= Physical verification =

Integrated circuit behavior verification process

Physical verification is a process whereby an integrated circuit layout (IC layout) design is verified via EDA software tools to ensure correct electrical and logical functionality and manufacturability. Verification involves design rule check (DRC), layout versus schematic (LVS), XOR (exclusive OR), antenna checks and electrical rule check (ERC).

==Design rule check (DRC)==

DRC verifies that the layout meets all technology-imposed constraints. DRC also verifies layer density for chemical-mechanical polishing (CMP).

==Layout versus schematic (LVS) ==

LVS verifies the functionality of the design. From the layout, a netlist is derived and compared with the original netlist produced from logic synthesis or circuit design.

==XOR check==
This check is typically run after a metal spin, where the original and modified database are compared. This is done to confirm that the desired modifications have been made and no undesired modifications have been made by accident. This step involves comparing the two layout databases/GDS by XOR operation of the layout geometries. This check results a database which has all the mismatching geometries in both the layouts.

== Antenna check ==
The antenna basically is a metal interconnect, i.e., a conductor like polysilicon or metal, that is not electrically connected to silicon or grounded, during the processing steps of the wafer. During the manufacturing process charge accumulation can occur on the antenna during certain fabrication steps like plasma etching, which uses highly ionized matter to etch. If the connection to silicon does not exist, charges may build up on the interconnect to the point at which rapid discharge does take place and permanent physical damage results to thin transistor gate oxide. This rapid and destructive phenomenon is known as the antenna effect. Antenna errors can be cured by adding a small antenna diode to safely discharge the node or splitting the antenna by routing up to another metal layer and then down again.

The antenna ratio is defined as the ratio between the physical area of the conductors making up the antenna to the total gate oxide area to which the antenna is electrically connected.

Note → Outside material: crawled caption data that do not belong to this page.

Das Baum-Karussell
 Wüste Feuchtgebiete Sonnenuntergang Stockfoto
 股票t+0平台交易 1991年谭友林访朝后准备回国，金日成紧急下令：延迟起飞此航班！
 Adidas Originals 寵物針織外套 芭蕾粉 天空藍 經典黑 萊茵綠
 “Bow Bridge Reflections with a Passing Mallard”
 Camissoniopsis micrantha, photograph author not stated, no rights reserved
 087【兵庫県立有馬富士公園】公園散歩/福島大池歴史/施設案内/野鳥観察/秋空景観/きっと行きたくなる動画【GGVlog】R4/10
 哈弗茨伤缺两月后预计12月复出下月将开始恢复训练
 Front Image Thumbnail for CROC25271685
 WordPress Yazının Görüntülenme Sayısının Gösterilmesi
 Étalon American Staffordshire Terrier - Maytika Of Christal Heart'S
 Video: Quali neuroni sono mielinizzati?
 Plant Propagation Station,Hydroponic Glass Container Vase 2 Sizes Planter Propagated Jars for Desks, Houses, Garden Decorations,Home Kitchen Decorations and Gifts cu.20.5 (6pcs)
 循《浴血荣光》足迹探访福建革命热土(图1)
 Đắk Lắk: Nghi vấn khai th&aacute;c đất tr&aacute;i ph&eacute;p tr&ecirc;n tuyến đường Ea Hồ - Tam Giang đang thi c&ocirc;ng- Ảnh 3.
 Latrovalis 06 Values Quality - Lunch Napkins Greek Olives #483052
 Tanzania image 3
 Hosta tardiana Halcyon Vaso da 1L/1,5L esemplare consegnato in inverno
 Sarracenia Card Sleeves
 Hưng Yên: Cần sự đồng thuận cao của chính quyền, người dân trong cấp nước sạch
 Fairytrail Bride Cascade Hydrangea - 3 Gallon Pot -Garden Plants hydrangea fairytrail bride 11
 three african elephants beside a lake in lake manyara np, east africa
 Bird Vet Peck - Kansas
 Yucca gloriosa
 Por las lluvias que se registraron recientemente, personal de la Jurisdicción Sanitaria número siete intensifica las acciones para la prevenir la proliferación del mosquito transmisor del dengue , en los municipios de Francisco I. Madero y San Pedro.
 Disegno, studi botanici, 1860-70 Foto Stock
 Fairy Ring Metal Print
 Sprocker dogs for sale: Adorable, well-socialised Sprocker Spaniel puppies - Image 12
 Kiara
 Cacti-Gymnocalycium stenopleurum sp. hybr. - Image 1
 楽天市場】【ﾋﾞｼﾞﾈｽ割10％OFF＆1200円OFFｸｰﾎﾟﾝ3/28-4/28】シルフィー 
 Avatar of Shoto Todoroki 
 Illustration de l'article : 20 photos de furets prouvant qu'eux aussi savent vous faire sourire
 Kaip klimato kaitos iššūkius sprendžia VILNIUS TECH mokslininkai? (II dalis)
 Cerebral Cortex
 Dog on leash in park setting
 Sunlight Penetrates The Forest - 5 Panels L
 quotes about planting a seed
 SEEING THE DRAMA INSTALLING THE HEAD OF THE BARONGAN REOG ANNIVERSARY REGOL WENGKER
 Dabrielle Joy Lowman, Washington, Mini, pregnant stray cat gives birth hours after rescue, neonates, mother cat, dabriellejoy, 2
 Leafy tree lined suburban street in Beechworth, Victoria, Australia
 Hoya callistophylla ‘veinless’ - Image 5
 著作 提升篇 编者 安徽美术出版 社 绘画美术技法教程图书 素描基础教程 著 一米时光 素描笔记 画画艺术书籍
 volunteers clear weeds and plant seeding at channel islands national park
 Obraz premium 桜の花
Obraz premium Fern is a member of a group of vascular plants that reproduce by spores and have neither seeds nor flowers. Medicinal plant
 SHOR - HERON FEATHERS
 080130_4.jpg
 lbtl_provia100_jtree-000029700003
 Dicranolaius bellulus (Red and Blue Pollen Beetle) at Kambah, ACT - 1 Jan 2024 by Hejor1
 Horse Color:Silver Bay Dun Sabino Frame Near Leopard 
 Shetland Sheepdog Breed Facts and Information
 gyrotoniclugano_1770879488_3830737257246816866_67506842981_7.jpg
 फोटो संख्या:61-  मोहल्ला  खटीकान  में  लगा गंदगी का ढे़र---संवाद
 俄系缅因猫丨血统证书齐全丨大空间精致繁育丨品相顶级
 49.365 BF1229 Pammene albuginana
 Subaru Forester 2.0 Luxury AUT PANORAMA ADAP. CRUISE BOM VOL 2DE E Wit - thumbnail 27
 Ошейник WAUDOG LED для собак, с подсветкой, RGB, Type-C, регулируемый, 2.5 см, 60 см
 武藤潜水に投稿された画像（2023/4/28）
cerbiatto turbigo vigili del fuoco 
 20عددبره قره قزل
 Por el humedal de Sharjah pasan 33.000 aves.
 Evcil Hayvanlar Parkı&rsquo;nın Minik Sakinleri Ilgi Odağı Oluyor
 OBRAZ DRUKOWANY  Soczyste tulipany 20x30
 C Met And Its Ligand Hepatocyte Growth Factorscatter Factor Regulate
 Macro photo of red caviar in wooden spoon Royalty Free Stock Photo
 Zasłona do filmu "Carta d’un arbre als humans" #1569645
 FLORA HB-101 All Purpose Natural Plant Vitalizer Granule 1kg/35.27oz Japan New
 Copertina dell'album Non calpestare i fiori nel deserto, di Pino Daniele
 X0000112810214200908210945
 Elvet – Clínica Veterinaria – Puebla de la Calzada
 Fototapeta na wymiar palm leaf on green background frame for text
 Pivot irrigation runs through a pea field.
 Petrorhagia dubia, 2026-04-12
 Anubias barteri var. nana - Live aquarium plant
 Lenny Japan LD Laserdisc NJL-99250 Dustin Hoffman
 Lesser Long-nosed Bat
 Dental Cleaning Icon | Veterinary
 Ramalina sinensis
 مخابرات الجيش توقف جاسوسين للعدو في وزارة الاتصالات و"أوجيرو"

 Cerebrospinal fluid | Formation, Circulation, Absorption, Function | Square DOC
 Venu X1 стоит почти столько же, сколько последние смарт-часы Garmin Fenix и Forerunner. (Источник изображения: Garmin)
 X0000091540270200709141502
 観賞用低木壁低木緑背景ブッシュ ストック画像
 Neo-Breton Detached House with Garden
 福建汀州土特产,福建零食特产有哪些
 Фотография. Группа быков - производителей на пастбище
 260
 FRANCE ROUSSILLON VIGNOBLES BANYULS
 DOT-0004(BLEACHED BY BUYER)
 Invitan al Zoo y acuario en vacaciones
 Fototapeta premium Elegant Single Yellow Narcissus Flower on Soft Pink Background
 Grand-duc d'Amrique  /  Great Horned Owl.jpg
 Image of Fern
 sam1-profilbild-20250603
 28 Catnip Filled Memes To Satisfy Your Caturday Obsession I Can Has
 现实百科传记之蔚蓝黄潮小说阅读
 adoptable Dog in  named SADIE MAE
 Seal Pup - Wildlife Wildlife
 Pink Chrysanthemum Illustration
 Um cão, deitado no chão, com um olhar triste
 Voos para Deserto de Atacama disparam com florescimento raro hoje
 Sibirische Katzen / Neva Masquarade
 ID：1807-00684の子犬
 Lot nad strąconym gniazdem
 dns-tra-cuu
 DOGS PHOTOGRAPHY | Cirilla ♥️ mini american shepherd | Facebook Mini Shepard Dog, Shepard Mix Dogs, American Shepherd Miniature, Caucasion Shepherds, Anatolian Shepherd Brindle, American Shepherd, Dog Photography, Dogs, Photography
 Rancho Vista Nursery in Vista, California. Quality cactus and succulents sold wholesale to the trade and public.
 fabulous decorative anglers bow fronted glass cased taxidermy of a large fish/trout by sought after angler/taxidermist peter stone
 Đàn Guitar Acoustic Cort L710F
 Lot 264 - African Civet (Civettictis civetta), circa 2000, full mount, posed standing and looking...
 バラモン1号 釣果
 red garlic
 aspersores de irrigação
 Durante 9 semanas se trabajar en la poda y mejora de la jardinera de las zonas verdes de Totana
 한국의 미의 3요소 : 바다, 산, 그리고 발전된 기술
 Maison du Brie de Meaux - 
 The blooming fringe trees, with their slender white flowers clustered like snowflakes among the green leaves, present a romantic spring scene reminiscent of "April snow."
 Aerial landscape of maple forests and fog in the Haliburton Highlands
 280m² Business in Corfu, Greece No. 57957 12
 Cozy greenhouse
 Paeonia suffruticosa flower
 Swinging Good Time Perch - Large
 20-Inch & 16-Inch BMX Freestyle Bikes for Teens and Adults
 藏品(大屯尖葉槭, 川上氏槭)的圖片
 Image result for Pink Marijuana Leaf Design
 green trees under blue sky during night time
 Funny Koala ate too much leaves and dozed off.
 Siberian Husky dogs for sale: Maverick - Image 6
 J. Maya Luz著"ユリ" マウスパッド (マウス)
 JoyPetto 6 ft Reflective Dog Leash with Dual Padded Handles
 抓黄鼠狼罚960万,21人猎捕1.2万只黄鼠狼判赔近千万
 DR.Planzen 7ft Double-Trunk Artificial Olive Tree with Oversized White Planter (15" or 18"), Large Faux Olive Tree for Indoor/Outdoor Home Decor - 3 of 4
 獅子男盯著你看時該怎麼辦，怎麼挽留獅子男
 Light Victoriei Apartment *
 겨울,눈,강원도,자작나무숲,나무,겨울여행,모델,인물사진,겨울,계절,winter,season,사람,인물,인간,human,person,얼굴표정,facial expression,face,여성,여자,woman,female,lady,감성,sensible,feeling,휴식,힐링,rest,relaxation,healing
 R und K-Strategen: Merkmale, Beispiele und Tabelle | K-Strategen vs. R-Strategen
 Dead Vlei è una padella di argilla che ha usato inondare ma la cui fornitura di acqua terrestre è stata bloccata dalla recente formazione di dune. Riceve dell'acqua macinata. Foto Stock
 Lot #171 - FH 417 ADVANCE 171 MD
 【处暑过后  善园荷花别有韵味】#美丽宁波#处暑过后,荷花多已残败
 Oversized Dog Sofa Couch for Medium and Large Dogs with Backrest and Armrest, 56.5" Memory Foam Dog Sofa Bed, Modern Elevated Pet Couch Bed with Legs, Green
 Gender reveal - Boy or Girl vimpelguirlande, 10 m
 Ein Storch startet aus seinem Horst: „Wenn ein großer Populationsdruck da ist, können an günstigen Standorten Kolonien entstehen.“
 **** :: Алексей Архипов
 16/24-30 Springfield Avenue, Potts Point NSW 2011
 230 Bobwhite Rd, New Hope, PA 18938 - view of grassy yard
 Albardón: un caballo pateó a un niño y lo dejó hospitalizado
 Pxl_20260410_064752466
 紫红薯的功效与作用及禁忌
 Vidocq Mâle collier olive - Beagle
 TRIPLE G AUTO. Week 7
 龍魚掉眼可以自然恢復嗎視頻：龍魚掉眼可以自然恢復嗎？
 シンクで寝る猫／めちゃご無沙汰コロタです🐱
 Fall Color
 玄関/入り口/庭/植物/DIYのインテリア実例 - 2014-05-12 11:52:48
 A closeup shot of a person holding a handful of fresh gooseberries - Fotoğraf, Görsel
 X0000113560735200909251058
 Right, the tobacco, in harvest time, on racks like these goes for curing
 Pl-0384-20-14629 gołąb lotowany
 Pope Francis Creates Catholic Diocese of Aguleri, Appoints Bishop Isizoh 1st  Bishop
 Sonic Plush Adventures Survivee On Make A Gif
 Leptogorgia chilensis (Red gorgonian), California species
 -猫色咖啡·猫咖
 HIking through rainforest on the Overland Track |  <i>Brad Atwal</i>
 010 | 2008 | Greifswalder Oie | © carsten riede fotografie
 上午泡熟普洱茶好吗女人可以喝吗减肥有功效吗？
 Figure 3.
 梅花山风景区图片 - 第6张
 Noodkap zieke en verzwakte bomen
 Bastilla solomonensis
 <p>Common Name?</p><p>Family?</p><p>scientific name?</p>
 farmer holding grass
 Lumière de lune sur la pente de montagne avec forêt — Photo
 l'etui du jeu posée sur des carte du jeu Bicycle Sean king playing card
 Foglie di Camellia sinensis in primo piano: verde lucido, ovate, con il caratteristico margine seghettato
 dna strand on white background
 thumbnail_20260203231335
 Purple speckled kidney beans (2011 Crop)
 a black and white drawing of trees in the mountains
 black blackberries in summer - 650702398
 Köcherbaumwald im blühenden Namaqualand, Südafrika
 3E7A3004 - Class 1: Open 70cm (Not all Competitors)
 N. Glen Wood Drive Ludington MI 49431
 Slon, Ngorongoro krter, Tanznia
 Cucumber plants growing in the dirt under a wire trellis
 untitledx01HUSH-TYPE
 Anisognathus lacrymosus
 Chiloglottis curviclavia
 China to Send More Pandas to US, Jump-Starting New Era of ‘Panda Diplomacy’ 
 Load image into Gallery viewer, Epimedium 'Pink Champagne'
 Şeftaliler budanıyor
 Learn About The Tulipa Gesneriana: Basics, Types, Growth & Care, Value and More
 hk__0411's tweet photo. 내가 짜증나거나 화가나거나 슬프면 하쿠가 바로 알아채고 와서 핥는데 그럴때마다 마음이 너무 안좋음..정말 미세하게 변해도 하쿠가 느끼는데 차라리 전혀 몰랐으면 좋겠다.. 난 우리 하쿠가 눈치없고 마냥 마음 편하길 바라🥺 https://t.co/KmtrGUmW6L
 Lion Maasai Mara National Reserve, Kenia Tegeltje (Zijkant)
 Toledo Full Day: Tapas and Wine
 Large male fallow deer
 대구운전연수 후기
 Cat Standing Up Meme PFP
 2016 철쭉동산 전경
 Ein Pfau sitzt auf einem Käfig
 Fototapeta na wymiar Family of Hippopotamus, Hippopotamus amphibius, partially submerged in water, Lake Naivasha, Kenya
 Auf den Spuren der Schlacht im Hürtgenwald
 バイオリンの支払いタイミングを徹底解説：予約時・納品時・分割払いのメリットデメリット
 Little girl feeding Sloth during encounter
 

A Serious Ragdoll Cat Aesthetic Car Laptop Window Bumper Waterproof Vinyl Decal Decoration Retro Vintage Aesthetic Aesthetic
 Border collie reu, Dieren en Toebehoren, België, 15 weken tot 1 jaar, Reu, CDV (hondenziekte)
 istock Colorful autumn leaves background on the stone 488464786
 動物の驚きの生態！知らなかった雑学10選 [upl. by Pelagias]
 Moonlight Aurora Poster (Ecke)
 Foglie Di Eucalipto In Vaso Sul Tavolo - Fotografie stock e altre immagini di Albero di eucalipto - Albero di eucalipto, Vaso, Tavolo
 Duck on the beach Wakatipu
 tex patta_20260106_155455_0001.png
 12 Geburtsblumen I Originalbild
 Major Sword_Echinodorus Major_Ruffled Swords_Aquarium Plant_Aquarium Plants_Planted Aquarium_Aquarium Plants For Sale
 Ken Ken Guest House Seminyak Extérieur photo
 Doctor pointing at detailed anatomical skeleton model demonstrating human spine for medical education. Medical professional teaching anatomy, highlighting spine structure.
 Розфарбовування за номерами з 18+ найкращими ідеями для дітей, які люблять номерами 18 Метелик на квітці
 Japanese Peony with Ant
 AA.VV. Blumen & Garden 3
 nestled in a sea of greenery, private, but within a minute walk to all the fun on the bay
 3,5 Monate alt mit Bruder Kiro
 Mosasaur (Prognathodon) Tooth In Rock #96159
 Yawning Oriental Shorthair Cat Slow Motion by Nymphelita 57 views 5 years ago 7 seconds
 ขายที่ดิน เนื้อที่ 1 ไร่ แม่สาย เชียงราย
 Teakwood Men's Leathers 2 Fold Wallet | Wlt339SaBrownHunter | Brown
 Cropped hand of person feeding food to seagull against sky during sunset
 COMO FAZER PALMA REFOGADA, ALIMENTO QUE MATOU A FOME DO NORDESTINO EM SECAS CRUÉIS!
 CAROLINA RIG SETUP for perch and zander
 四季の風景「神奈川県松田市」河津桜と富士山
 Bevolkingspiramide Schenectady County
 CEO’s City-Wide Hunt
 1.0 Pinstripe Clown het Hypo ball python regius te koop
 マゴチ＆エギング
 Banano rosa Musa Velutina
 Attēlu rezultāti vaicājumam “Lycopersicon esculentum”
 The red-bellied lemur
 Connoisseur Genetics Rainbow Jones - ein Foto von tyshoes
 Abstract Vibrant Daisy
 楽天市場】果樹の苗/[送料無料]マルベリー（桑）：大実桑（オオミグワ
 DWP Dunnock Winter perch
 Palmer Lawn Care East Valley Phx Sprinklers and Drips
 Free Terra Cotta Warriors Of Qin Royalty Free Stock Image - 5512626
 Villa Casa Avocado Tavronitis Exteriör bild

== Electrical rule check (ERC)==
ERC verifies the correctness of power and ground connections, and that signal transition times (slew), capacitive loads and fanouts are appropriately bounded. This might include checking for
- Well and substrate areas for proper contacts and spacings thereby ensuring correct power and ground connections
- Unconnected inputs or shorted outputs.

Gates should not connect directly to supplies; connection should be through TIE high/low cells only. ERC checks are based upon assumptions about the normal operating conditions of the ASIC, so they may give many false warning on ASICs with multiple or negative supplies. They can also check for structures susceptible to electrostatic discharge (ESD) damage.